## Prompt
What is needed is an exact reproduction of the lines in the records below, starting at the line with "第一次想從銀行貸款10000可以貸到嗎可以分期付款嗎" and ending at the line with "Saxophon-Susi (1928) poster", both included, and nothing else; pictures stay out.

## Exercise data

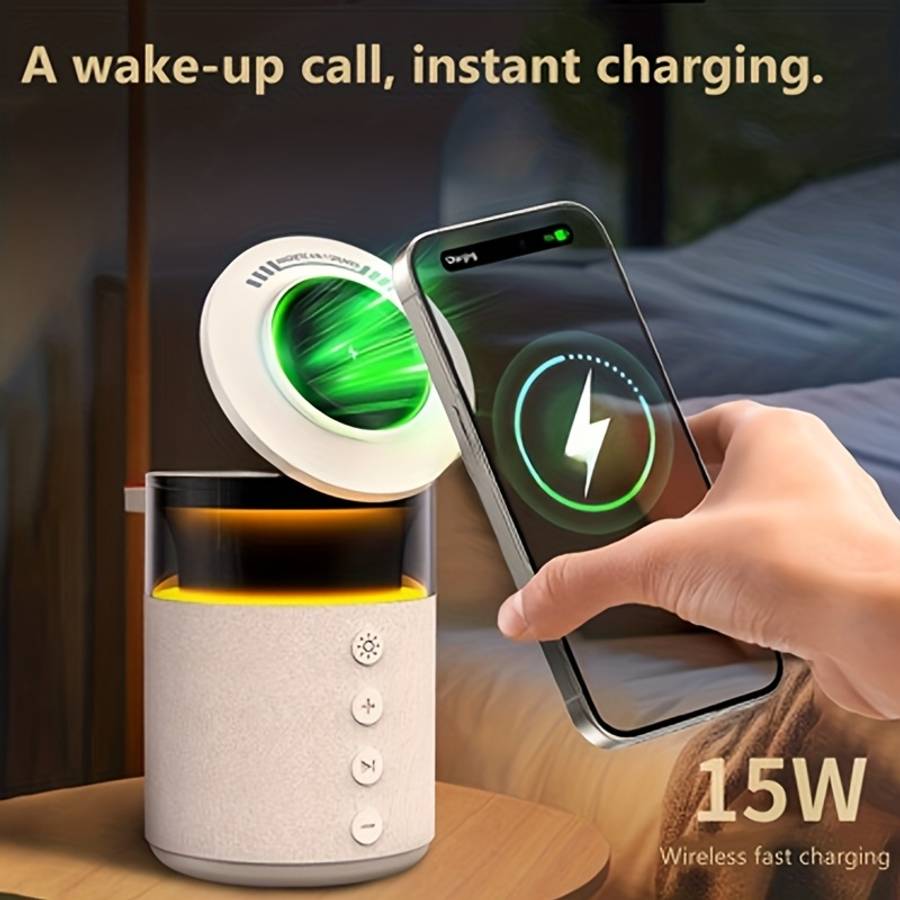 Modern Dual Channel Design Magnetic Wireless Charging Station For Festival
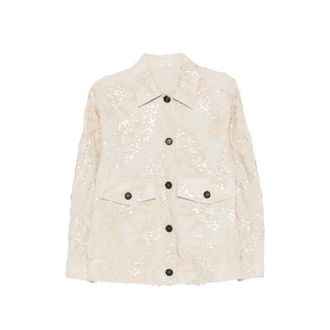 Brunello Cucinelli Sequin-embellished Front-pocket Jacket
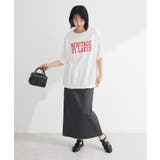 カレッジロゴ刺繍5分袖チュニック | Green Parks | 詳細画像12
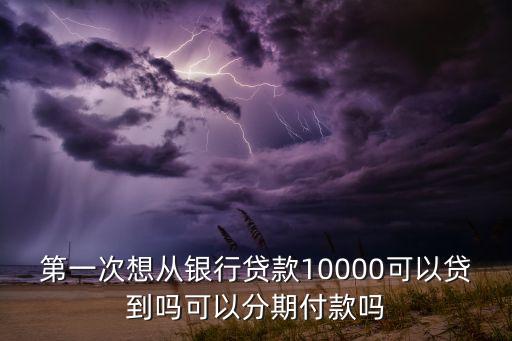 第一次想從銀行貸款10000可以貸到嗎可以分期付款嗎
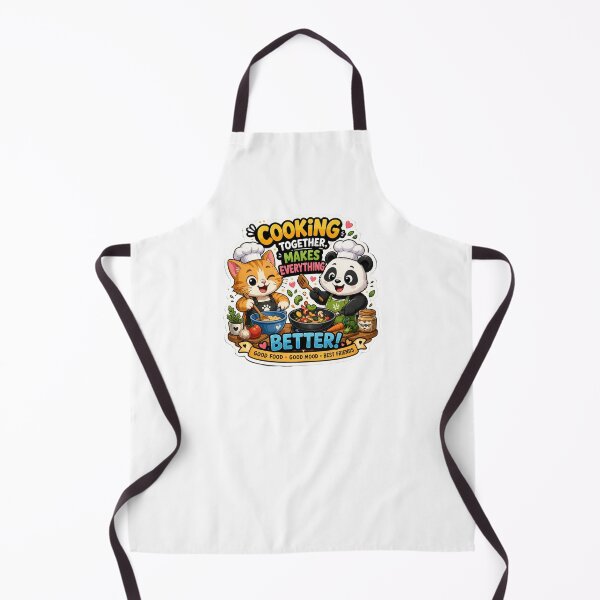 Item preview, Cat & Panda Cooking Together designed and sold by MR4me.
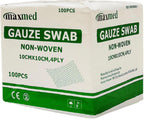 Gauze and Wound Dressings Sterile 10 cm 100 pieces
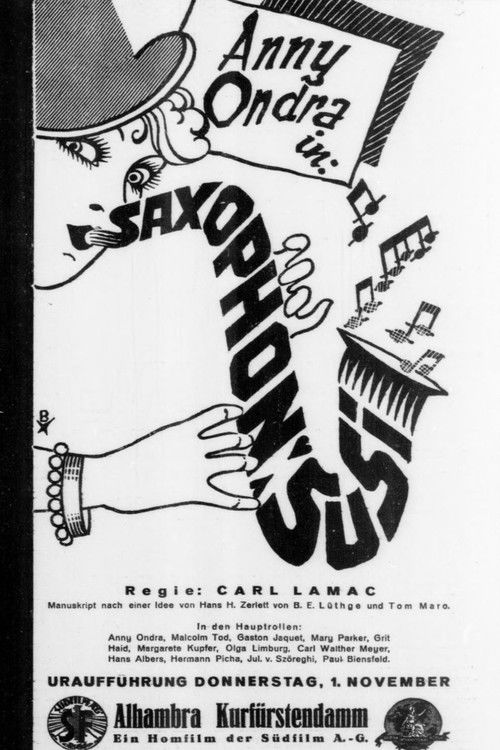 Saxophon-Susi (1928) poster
* * *
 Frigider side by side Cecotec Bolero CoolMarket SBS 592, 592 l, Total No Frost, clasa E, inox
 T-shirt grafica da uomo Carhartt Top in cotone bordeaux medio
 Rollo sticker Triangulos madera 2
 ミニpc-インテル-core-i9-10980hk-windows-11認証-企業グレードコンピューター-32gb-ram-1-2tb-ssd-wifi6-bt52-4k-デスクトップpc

## The answer
 第一次想從銀行貸款10000可以貸到嗎可以分期付款嗎
 Item preview, Cat & Panda Cooking Together designed and sold by MR4me.
 Gauze and Wound Dressings Sterile 10 cm 100 pieces
 Saxophon-Susi (1928) poster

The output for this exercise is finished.